Download Handbook of Big Geospatial Data Book in PDF, Epub and Kindle

This handbook covers a wide range of topics related to the collection, processing, analysis, and use of geospatial data in their various forms. This handbook provides an overview of how spatial computing technologies for big data can be organized and implemented to solve real-world problems. Diverse subdomains ranging from indoor mapping and navigation over trajectory computing to earth observation from space, are also present in this handbook. It combines fundamental contributions focusing on spatio-textual analysis, uncertain databases, and spatial statistics with application examples such as road network detection or colocation detection using GPUs. In summary, this handbook gives an essential introduction and overview of the rich field of spatial information science and big geospatial data. It introduces three different perspectives, which together define the field of big geospatial data: a societal, governmental, and governance perspective. It discusses questions of how the acquisition, distribution and exploitation of big geospatial data must be organized both on the scale of companies and countries. A second perspective is a theory-oriented set of contributions on arbitrary spatial data with contributions introducing into the exciting field of spatial statistics or into uncertain databases. A third perspective is taking a very practical perspective to big geospatial data, ranging from chapters that describe how big geospatial data infrastructures can be implemented and how specific applications can be implemented on top of big geospatial data. This would include for example, research in historic map data, road network extraction, damage estimation from remote sensing imagery, or the analysis of spatio-textual collections and social media. This multi-disciplinary approach makes the book unique. This handbook can be used as a reference for undergraduate students, graduate students and researchers focused on big geospatial data. Professionals can use this book, as well as practitioners facing big collections of geospatial data.

Spatial Data Handling in Big Data Era

Spatial Data Handling in Big Data Era
Author: Chenghu Zhou,Fenzhen Su,Francis Harvey,Jun Xu
Publsiher: Springer
Total Pages: 237
Release: 2017-05-04
Genre: Science
ISBN: 9789811044243

Download Spatial Data Handling in Big Data Era Book in PDF, Epub and Kindle

This proceedings volume introduces recent work on the storage, retrieval and visualization of spatial Big Data, data-intensive geospatial computing and related data quality issues.
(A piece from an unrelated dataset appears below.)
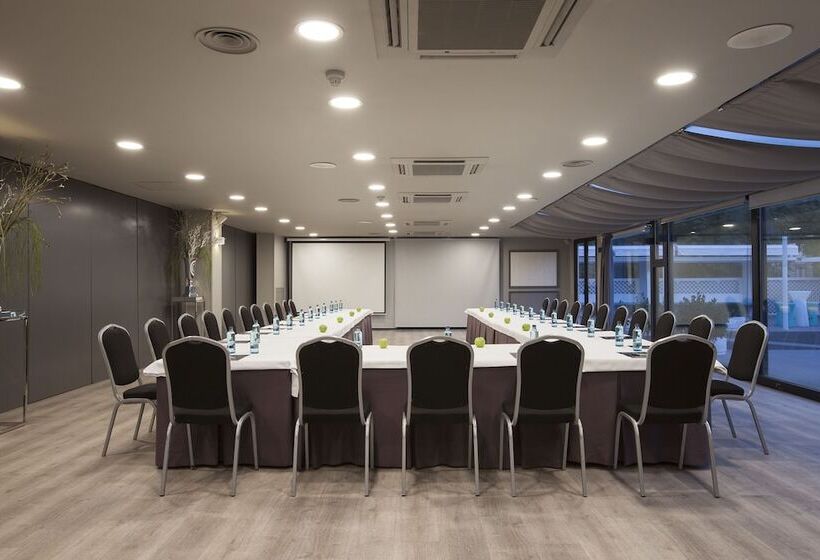 فندق Tres Reyes Pamplona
Further, it addresses traditional topics such as multi-scale spatial data representations, knowledge discovery, space-time modeling, and geological applications. Spatial analysis and data mining are increasingly facing the challenges of Big Data as more and more types of crowd sourcing spatial data are used in GIScience, such as movement trajectories, cellular phone calls, and social networks. In order to effectively manage these massive data collections, new methods and algorithms are called for. The book highlights state-of-the-art advances in the handling and application of spatial data, especially spatial Big Data, offering a cutting-edge reference guide for graduate students, researchers and practitioners in the field of GIScience.

Geospatial Data Science Techniques and Applications

Geospatial Data Science Techniques and Applications
Author: Hassan A. Karimi,Bobak Karimi
Publsiher: CRC Press
Total Pages: 375
Release: 2017-10-24
Genre: Computers
ISBN: 9781351855983

Download Geospatial Data Science Techniques and Applications Book in PDF, Epub and Kindle

Data science has recently gained much attention for a number of reasons, and among them is Big Data. Scientists (from almost all disciplines including physics, chemistry, biology, sociology, among others) and engineers (from all fields including civil, environmental, chemical, mechanical, among others) are faced with challenges posed by data volume, variety, and velocity, or Big Data. This book is designed to highlight the unique characteristics of geospatial data, demonstrate the need to different approaches and techniques for obtaining new knowledge from raw geospatial data, and present select state-of-the-art geospatial data science techniques and how they are applied to various geoscience problems.